By a Notice of Motion dated 1st September 2017, the appellants sought conservatory or interim orders to direct the respondent to reconnect their Water Account No. 060070026 (the water account) and allow them to continue selling water within the Sultan Hamud area pending the hearing and determination of the appeal. They also sought a declaratory that their rights to fair trial and equal treatment and protection under the law were violated contrary to Articles 27 (1) and 47 (1) respectively of the Constitution.
The application was brought on grounds that the respondent had on 21st August 2017, unreasonably and without notice disconnected the water account, with the result that several schools they supplied no longer had access to water for their domestic use; that the appellants regularly paid for the water supplied until, in breach of their constitutional rights, the respondent disconnected the water.
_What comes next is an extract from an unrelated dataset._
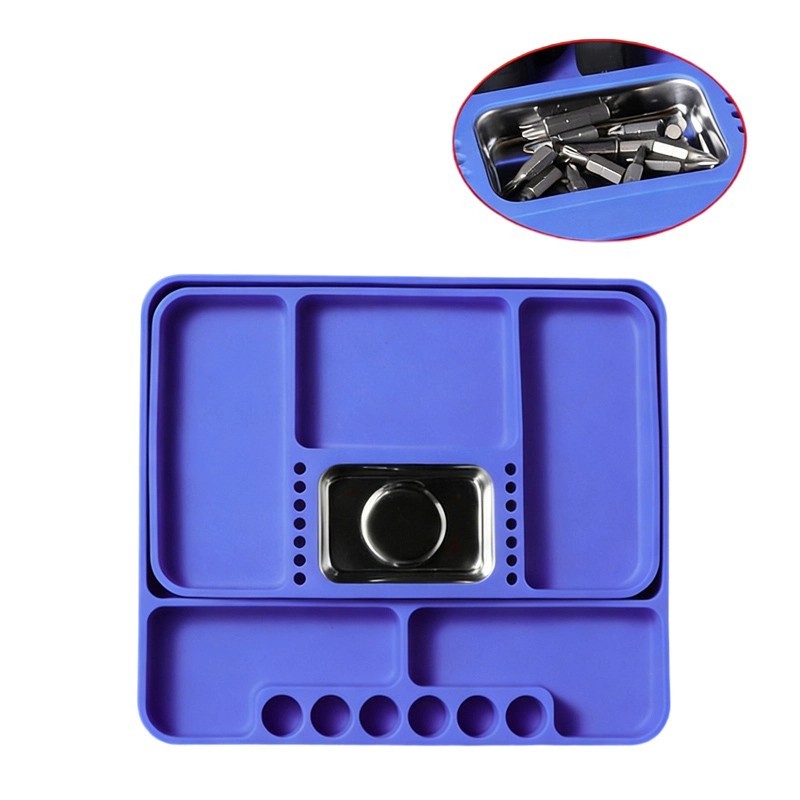 Silicone Tool Tray Blue for Organizing Screws Bolts Nuts and Socket Sets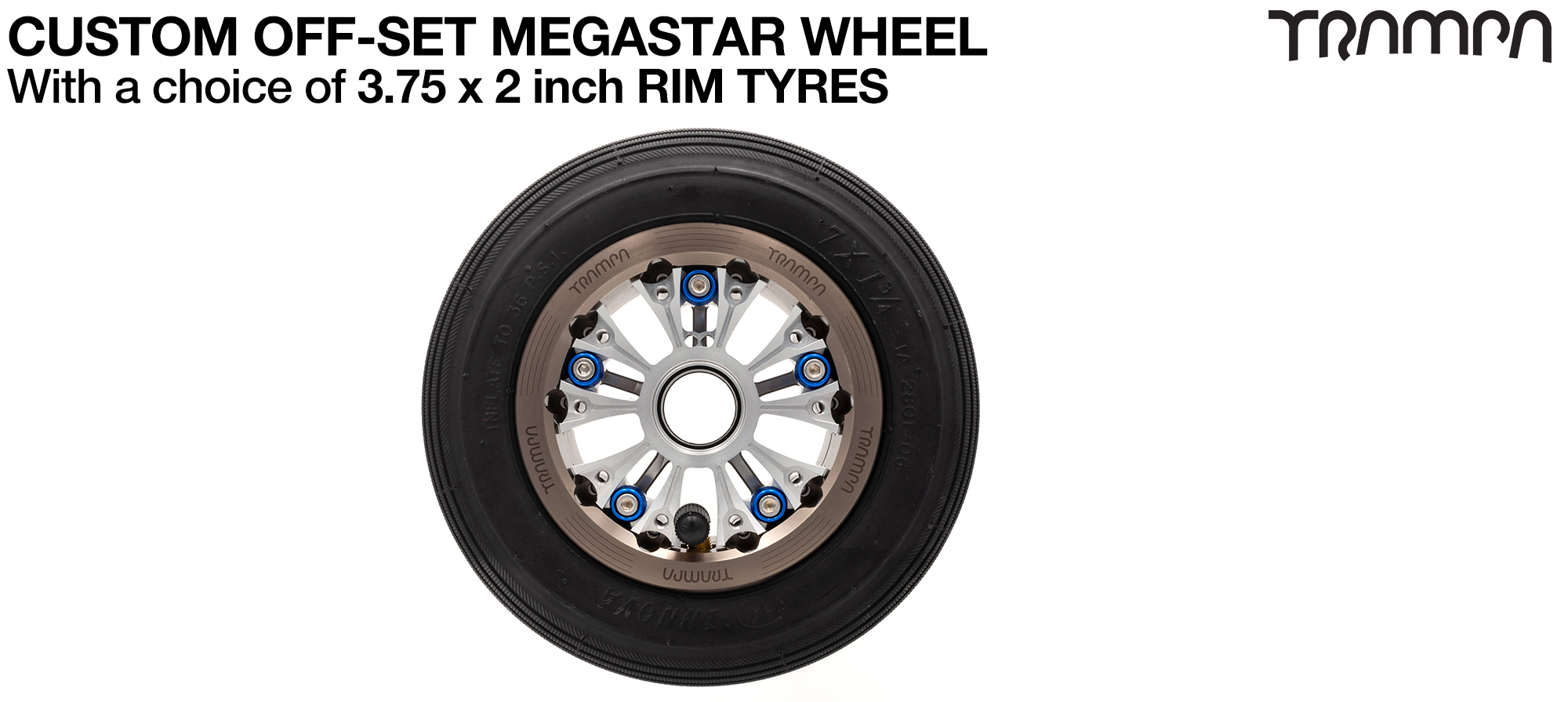 OFF-SET MEGASTAR 8 Wheel 3.75 x 2 Inch - Fits all TRAMPA Tyres up to 8 Inch - 7 Inch INLINE Tyres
The application was supported by the affidavit of the 1st appellant who emphasized the grounds set out in the motion, but went further to depone that, as the owners and officials of the Kilia Water Project Self Help Group, they promptly paid their water bills and it was their legitimate expectation to continue to be supplied with water. They also particularized the violations as unreasonable, unfair and inhuman; that the disconnection of their water supply was done without valid reason, thereby depriving them of income and a source of livelihood, and it also denied the schools that benefitted from the water they supplied.
In a replying affidavit sworn on 1st November 2017, Jeremy Mutende, the respondent’s Managing Director, deponed that the respondent is a water service provider licenced by the Water Services Regulatory Board for the area; that the contract between the appellants and the respondent was for the supply of water for domestic use and not commercial use, since it was a term of the contract that the consumer would not convey water for use outside their plot or sell any of the water supplied to them; that it had come to their attention that the appellants were engaged in selling and supplying water to schools and to other third parties and charging them exorbitantly for the water, which was contrary to the Water Act and infringed on the third parties’ rights to affordable water; that furthermore, the appellants had usurped the respondent’s position as the only licenced water supplier in the area, and consequently the respondent rightfully disconnected the water.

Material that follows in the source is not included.